AHY Ungkap Keluhan Investor: Jangan Dikerjain dan Dipingpong
Winda Nelfira August 11, 2026 06:30 PM

Liputan6.com, Jakarta - Menteri Koordinator Bidang Infrastruktur dan Pembangunan Kewilayahan Agus Harimurti Yudhoyono (AHY) meminta pemerintah tidak mempersulit investor yang ingin menanamkan modal di Indonesia. Menurutnya, investor membutuhkan kepastian hukum dan birokrasi yang sederhana.

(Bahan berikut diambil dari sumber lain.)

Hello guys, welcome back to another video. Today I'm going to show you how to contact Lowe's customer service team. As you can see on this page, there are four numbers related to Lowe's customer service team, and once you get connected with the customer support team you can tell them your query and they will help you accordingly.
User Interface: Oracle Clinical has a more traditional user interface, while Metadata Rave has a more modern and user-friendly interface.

Hal itu disampaikan AHY saat menghadiri Jakarta Asset Forum and Expo (JAFEX) 2026 di St Regis, Jakarta Selatan, Selasa (11/8/2026).

AHY mengatakan investor, termasuk perusahaan multinasional, membutuhkan kejelasan, kepastian, proyek yang kredibel, serta keyakinan pemerintah mampu menjalankan komitmen yang telah dibuat.

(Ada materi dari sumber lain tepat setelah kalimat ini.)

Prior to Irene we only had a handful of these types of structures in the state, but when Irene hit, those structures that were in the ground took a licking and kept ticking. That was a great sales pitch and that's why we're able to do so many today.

“Kami memahami apa yang dibutuhkan investor, selalu meminta kejelasan (clarity), meminta kepastian (certainty), meminta juga proyek yang kredibel, serta confidence, keyakinan bahwa pemerintah bisa menjalankan apa yang dijanjikannya, apa yang telah direncanakannya,” kata AHY.

Ia juga menyoroti pelayanan birokrasi yang tidak boleh berbelit-belit. Pemerintah diminta memberikan kepastian tanpa membuat investor harus berpindah-pindah dari satu instansi ke instansi lainnya.

“Yang mereka inginkan kepastian hukum. Yang mereka inginkan jangan dikerjain, jangan dipingpong, jangan dibikin susah,” ujarnya.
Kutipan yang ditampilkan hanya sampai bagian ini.